Turkish military not ‘excluded’ from peace process: Gov’t

Turkish military not ‘excluded’ from peace process: Gov’t

Umut Erdem ANKARA
Turkish military not ‘excluded’ from peace process: Gov’t

Deputy Prime Minister Bülent Arınç speaks during a press conference. AA Photo

Deputy Prime Minister Bülent Arınç has denied that the Turkish Armed Forces (TSK) has been excluded from the Turkish government’s peace process to end the 30-year-long Kurdish issue.

Arınç’s words came in response to a motion filed by a deputy of the main opposition Republican People’s Party (CHP) based on remarks by Chief of General Staff Gen. Necdet Özel on the issue.
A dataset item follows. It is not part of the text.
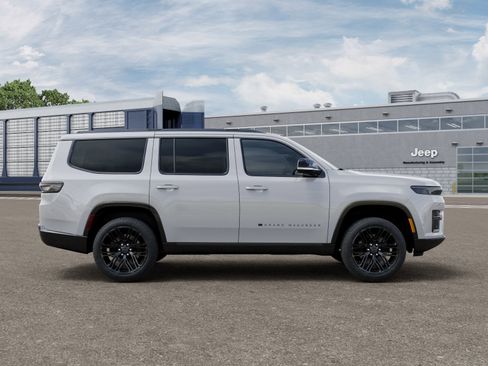 New 2026 Jeep Grand Wagoneer Limited image 38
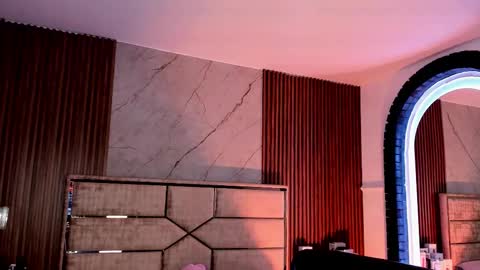 Snapshot of emilyhendrix_ chatting on 10/23/25, 07:45 Emily Hendrix online show from 10/23/25, 07:45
“The government has a policy and this policy is ongoing. We do not know the road map of the peace process. Deputy Prime Minister Beşir Atalay said their work would be sent to public institutions, but nothing has been sent [to us] yet,” Özel had said in late August, adding that he could only comment on the road map after seeing it.

In his motion, Baydar asked about the TSK’s role within the process and whether it has been excluded from the process. The question was addressed to Davutoğlu, but the response came from Arınç, who replaced Atalay in Davutoğlu’s Cabinet, formed in late August, taking over responsibility for the peace process portfolio.

Arınç mainly referred to Article 117 of the Constitution, which relates to the office of the Commander-in-Chief and Chief of the General Staff.

He said that “excluding the TSK from the process is out of the question,” recalling that Article 117 stipulated the functional relations and scope of jurisdiction of the Defense Ministry with regard to the Chief of the General Staff and the Commanders of the Armed Forces is regulated by law.

“Efforts concerning the resolution process are being conducted transparently and within the public’s knowledge,” Arınç said, also adding that the legal framework for the process has already been set and approved by Parliament.

In August, responding to a question on whether the military’s “red lines” have changed over the past decade on the Kurdish issue, Özel suggested there were “some differences” on the definition of “red lines” compared to 10 years ago.

“They [the government] say mothers should not cry any more. This is what we want too,” he said, while underlining that the “unity of the country” was also significant as a “red line” for the military.